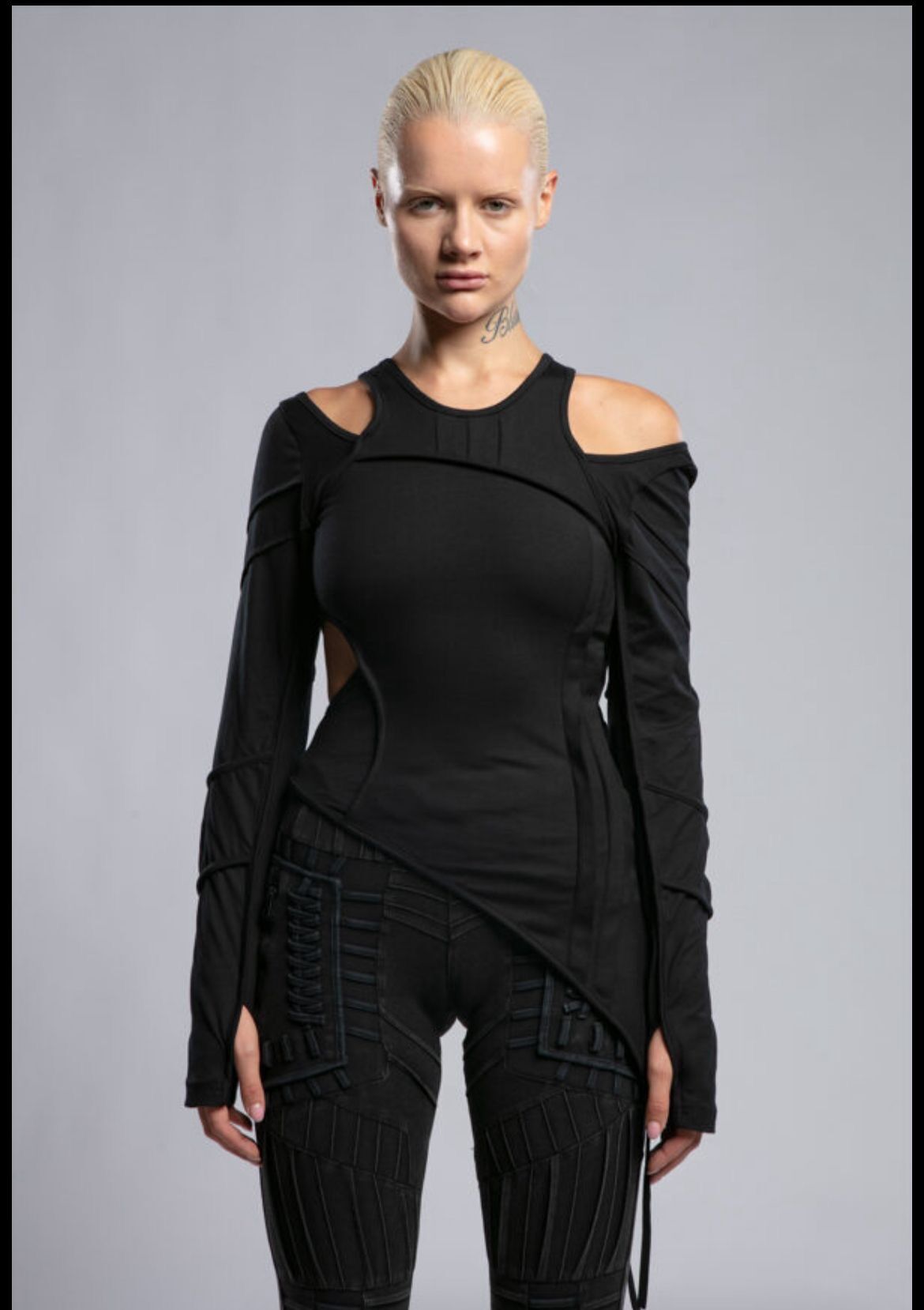 Katlı Kumaş Tasarım Asimetrik Bluz Siyah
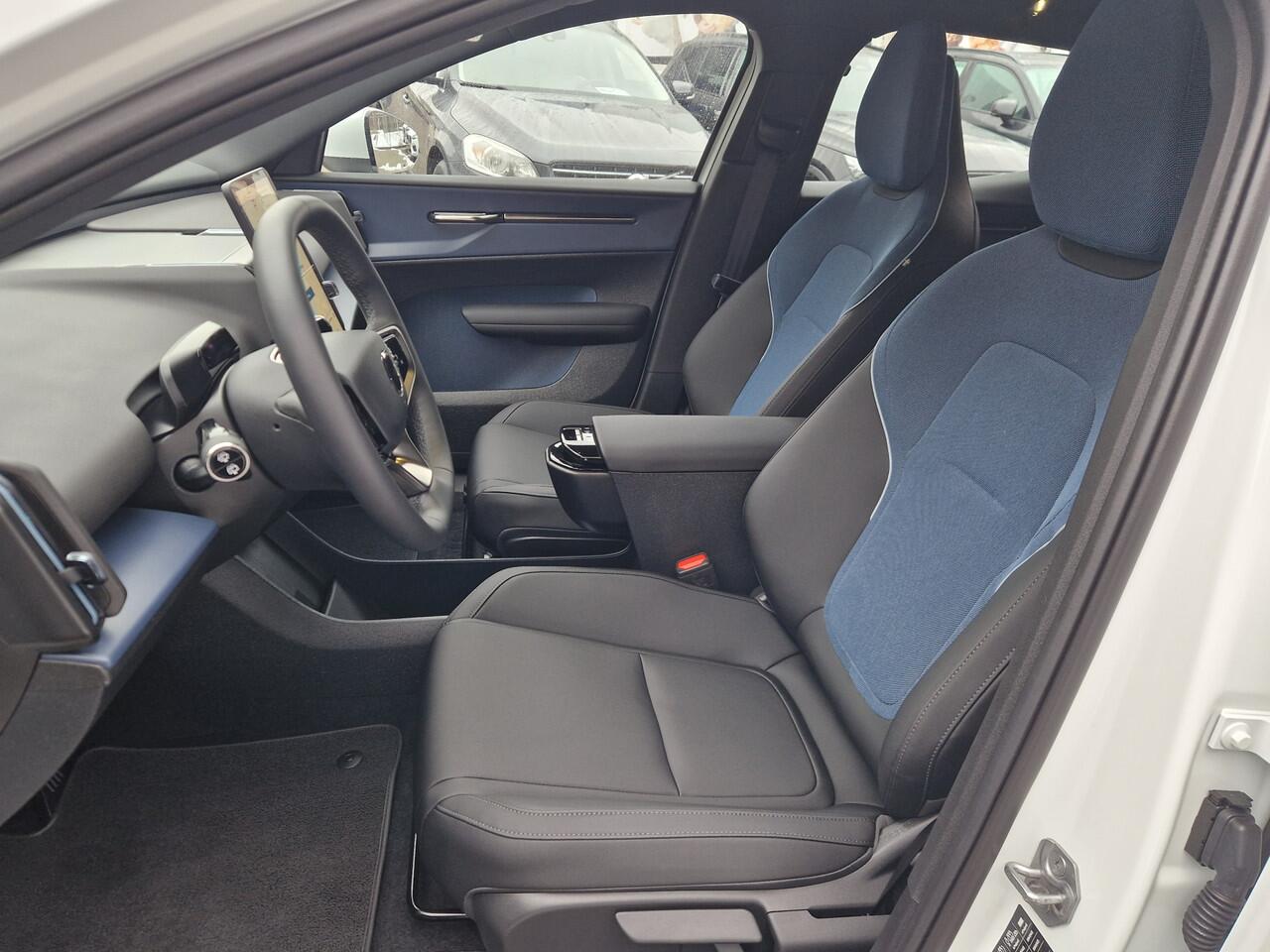 Volvo EX30 Single Motor Extended Range Core 69 kWh NL AUTO! Climate Pack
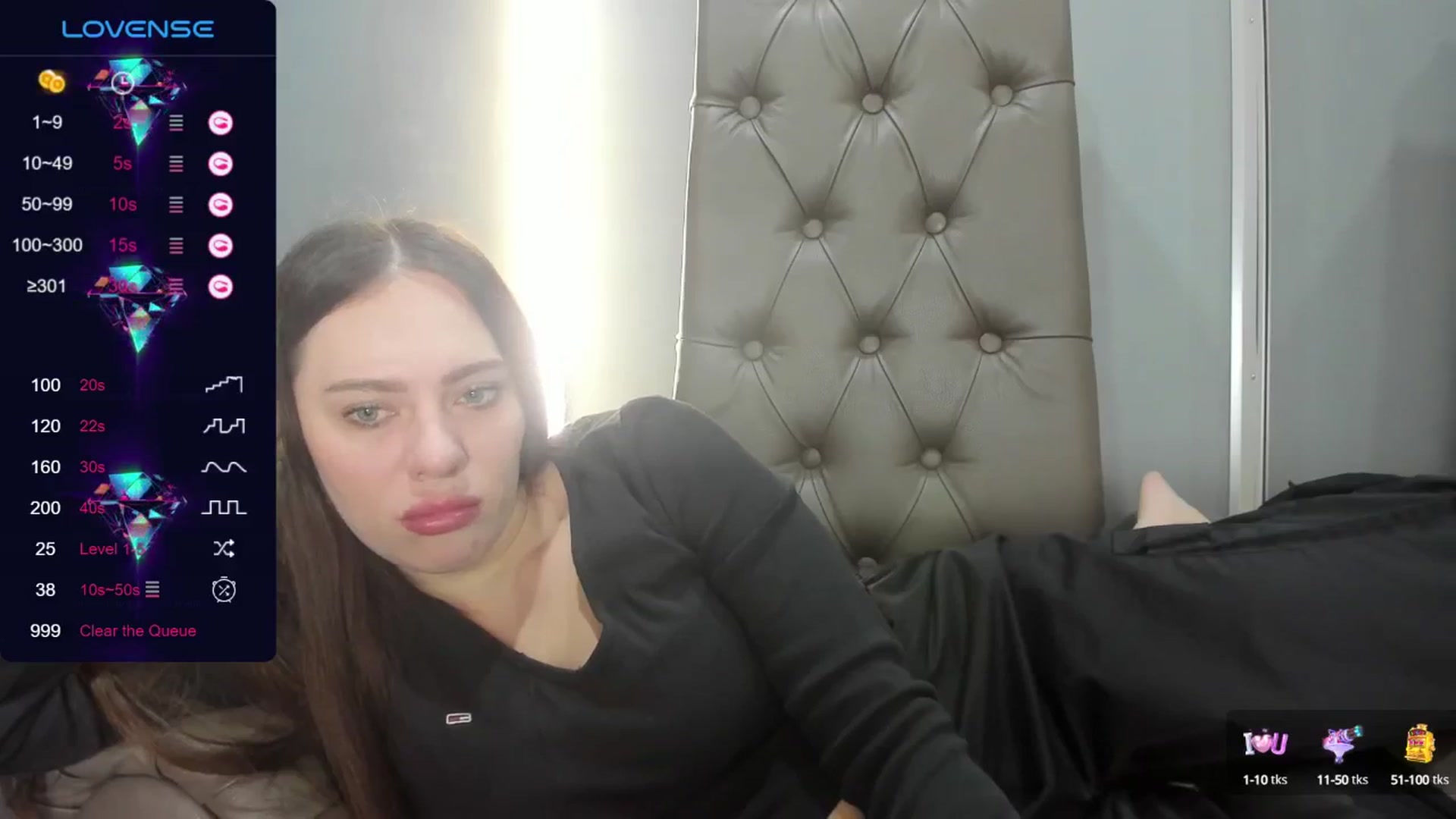 Gallery image thumbnail from Nicole_Kramm's myfreecams stream on, 08/09/2024, 08:01 image 13 of 20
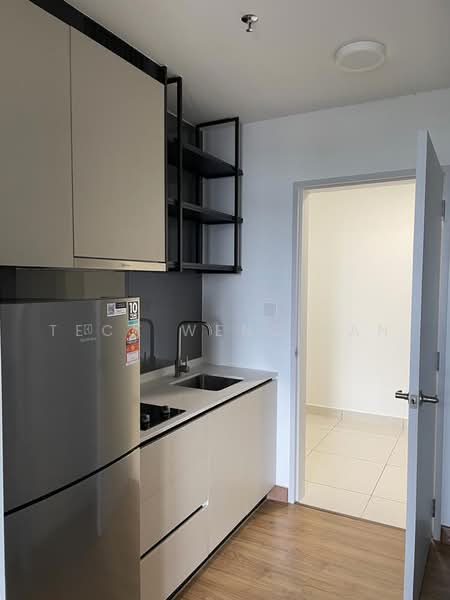 Kediaman Servis untuk Disewa di The Amber Residence @ TwentyFive.7 - Teck Weng Tan - Kitchen - PropertyGuru.com.my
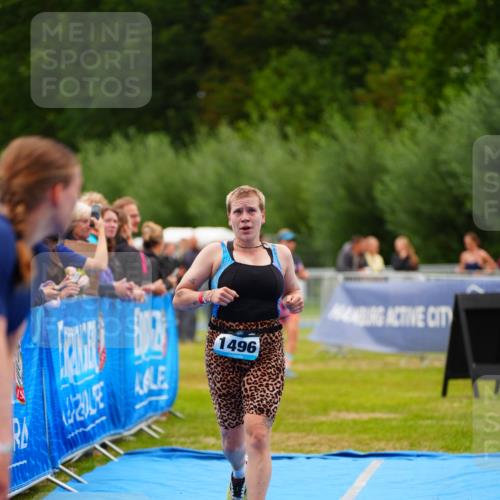30.08.2026 - Elbe Triathlon Hamburg LAZAROV Photography http://msf.ph/oto/10063749 30.08.2026 11:58:35 Ziel 1462, 1496, 1575 meine-sportfotos.de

# WHAT TO DO
Your output should be the lines above from the one that contains "Volvo EX30 Single" through the one that contains "Kediaman Servis untuk", word for word, with pictures left out.

# WORKED SOLUTION
 Volvo EX30 Single Motor Extended Range Core 69 kWh NL AUTO! Climate Pack
 Gallery image thumbnail from Nicole_Kramm's myfreecams stream on, 08/09/2024, 08:01 image 13 of 20
 Kediaman Servis untuk Disewa di The Amber Residence @ TwentyFive.7 - Teck Weng Tan - Kitchen - PropertyGuru.com.my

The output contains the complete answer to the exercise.